O respeito (ipowe) é um preceito importante na cultura kamaiurá, por criar, em graus diferenciados, um distanciamento entre as pessoas, de modo a evitar que possíveis oposições se avolumem, convertendo-se em conflito aberto. As famílias procuram selar alianças, através do casamento, para se fortalecerem politicamente e ampliar o número de aliados tanto na própria aldeia como em outras. Se a união ocorrer entre primos cruzados, a relação entre as famílias tenderá a ser mais amigável, ao contrário do que acontece quando os parceiros estão fora desse circuito, em especial se pertencerem a grupos políticos opostos, o que torna a aliança um empreendimento de maior risco. Ao clima de suspeita de ambos os lados interpõe-se a formalização do comportamento, ditada pelo princípio do respeito, e a proibição de pronunciar, em qualquer circunstância, o nome do parente afim. A regra de evitação é mais estrita na relação entre genro e sogro (towajat):9 o genro não deve dirigir a palavra ao sogro e, não sendo possível evitar, é sua obrigação manter os olhos na direção do chão; não pode falar alto estando ele presente e deve ainda evitar cruzar com ele nos caminhos que percorrer. Transgressões fazem recair sobre a pessoa o sentimento de vergonha (ontsi).

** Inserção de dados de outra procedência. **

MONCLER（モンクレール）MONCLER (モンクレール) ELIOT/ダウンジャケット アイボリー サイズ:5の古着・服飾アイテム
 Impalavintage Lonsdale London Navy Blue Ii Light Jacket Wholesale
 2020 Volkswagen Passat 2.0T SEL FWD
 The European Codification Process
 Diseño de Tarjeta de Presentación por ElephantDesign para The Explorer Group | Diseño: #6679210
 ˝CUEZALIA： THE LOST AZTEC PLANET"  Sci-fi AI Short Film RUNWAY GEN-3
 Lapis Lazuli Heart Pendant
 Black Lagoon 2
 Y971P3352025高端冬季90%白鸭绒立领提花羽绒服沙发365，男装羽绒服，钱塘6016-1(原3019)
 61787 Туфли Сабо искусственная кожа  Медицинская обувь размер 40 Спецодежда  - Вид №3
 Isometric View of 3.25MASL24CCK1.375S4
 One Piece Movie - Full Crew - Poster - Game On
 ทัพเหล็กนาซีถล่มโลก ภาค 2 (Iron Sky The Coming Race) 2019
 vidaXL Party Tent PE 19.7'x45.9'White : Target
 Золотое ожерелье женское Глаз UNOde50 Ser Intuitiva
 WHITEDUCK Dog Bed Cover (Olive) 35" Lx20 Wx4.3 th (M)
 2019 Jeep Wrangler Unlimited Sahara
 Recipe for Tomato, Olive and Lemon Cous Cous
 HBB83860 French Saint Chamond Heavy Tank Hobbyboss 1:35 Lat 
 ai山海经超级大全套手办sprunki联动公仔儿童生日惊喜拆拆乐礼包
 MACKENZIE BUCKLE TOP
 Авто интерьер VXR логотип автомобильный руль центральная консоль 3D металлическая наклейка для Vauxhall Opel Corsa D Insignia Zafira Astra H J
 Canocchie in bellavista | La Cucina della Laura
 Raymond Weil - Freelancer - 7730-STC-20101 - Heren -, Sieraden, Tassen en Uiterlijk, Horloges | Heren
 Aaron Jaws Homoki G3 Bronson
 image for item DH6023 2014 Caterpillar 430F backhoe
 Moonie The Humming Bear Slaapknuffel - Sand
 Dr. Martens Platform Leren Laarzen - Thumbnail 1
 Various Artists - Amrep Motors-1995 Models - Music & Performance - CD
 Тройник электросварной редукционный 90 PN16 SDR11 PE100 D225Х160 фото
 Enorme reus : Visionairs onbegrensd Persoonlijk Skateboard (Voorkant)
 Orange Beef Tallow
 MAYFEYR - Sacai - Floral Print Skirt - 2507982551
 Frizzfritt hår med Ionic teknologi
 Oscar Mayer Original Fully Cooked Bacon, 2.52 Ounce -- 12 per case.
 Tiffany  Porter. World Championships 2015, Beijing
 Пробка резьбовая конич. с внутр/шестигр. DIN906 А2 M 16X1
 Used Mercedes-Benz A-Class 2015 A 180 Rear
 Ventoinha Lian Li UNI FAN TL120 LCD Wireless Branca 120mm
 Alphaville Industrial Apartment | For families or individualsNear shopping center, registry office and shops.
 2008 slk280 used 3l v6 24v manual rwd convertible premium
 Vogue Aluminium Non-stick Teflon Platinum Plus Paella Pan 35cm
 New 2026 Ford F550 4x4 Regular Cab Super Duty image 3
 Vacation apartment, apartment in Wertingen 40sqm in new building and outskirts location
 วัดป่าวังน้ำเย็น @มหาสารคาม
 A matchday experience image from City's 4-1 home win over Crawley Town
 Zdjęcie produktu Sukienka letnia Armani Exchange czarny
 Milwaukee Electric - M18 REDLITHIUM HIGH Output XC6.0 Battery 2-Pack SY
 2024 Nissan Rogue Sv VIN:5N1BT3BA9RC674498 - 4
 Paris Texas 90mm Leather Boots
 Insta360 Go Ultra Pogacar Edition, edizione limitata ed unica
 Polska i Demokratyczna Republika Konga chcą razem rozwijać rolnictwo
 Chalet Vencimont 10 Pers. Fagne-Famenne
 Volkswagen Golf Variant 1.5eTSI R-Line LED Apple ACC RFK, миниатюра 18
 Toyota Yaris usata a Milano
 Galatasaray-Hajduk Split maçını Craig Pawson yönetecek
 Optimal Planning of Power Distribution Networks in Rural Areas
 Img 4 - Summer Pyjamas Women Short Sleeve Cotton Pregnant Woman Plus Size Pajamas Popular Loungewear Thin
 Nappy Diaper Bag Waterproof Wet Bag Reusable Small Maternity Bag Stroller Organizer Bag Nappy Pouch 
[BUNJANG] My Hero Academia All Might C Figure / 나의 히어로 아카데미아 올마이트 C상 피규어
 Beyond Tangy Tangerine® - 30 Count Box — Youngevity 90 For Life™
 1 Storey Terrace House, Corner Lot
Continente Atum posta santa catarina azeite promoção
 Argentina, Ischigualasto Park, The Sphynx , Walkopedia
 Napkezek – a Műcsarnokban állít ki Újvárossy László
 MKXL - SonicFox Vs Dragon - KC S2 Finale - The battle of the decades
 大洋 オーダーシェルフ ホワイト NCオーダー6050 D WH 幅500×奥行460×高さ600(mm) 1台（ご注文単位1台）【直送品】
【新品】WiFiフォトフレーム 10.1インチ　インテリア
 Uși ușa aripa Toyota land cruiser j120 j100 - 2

Consumado o casamento, a expectativa é a de que a mulher engravide em pouco tempo, mesmo porque o nascimento de uma criança é o elo necessário à materialização da aliança, dado que a dissolução da união de casais sem filhos não é incomum. Como a infertilidade é um estigma que recai primeiramente sobre a mulher, a jovem esposa também tem pressa em engravidar, tornando público que não é infértil (memype'ym). Se, com o passar do tempo, isso não ocorrer, ela pede ao marido que lhe traga pitang, remédio extraído da raiz de um capim, para estimular a fecundidade, que deve ser tomado com água em jejum e também friccionado no ventre. Foi surpreendente a resposta dada por um informante já idoso e grande conhecedor de remédios, quando perguntamos o que seria possível fazer caso a gravidez não ocorresse dentro de um tempo razoável: "Quando a mulher só tem um homem, pode demorar a engravidar, mas, tendo dois, pega logo filho".
O marido tem igualmente recursos para auxiliá-lo na tarefa de engravidar a esposa, como o chá tatu-pewarakway, retirado de uma hera que nasce em troncos de árvores, e que pode também ser passado sobre o pênis para deixá-lo rijo. Outro remédio, do qual não foi possível obter o nome, é o sumo de uma frutinha semelhante à mangaba, usado também para friccionar o pênis. A perda ocasional da potência sexual (takwen-mano) não é considerada doença e, segundo os informantes, pode afligir qualquer homem em ocasiões as mais inesperadas. Na aldeia, fala-se, de modo um tanto brincalhão, que homens e mulheres que consomem regularmente o peixe wetsing assado, semelhante à bicuda, costumam ter muito vigor. Seu efeito é ainda mais promissor caso o homem extraia seu óleo e passe sobre o pênis.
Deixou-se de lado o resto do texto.